DATA FOR THIS TASK>
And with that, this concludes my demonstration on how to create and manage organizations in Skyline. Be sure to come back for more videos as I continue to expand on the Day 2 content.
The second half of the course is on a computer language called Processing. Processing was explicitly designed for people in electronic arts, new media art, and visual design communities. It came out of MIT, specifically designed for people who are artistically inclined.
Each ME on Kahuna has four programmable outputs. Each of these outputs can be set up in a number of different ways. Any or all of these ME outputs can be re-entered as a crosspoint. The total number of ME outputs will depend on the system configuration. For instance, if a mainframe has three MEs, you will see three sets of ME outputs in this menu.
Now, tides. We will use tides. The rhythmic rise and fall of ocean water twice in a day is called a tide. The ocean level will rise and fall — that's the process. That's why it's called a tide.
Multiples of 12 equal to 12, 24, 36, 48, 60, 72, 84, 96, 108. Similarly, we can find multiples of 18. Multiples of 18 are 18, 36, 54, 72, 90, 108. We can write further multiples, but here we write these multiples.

---

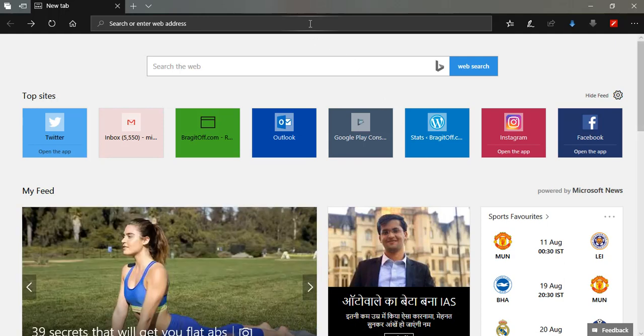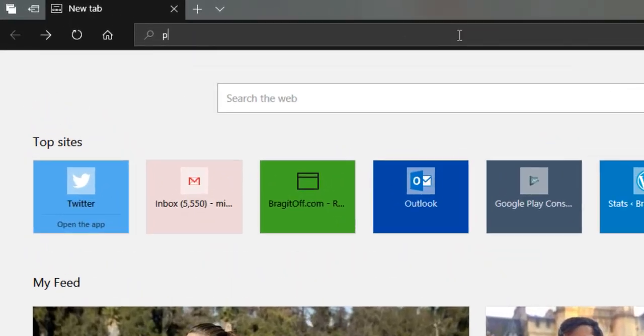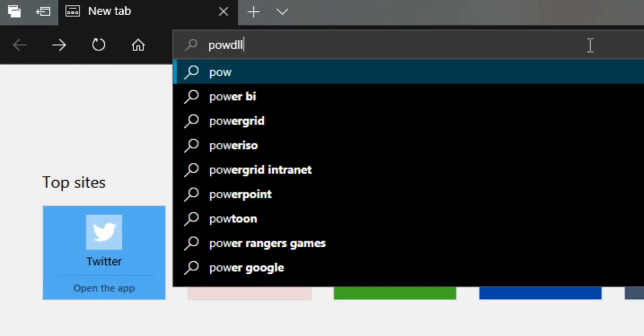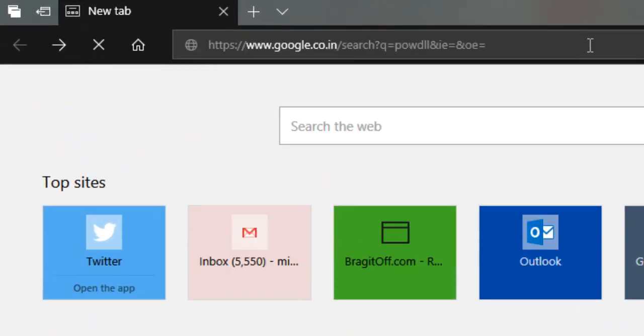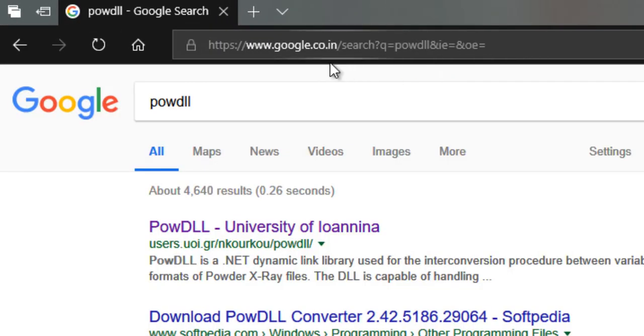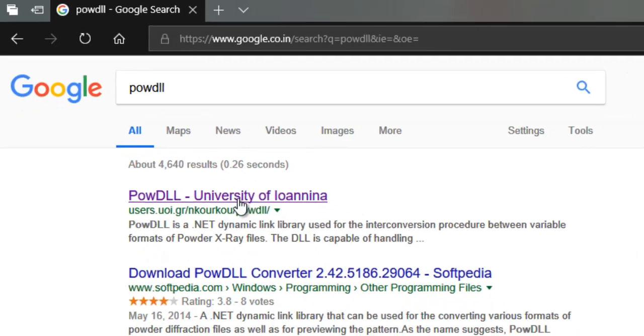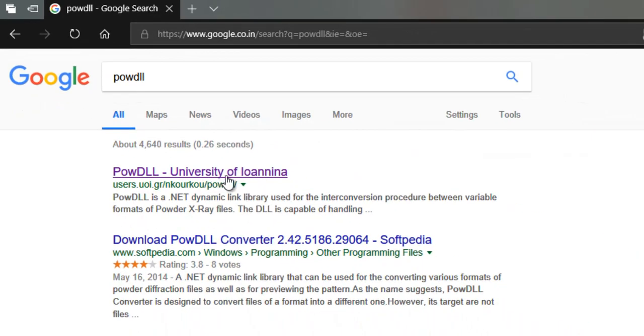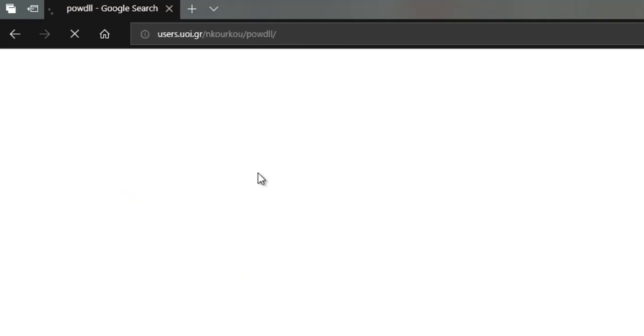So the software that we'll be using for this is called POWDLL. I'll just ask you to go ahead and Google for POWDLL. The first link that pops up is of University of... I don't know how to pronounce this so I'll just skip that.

TASK REQUIREMENTS> Please copy, exactly as written, every line in the listing above from the line with "Now, tides. We" up to and including the line with "Multiples of 12".

PROBLEM SOLUTION>
Now, tides. We will use tides. The rhythmic rise and fall of ocean water twice in a day is called a tide. The ocean level will rise and fall — that's the process. That's why it's called a tide.
Multiples of 12 equal to 12, 24, 36, 48, 60, 72, 84, 96, 108. Similarly, we can find multiples of 18. Multiples of 18 are 18, 36, 54, 72, 90, 108. We can write further multiples, but here we write these multiples.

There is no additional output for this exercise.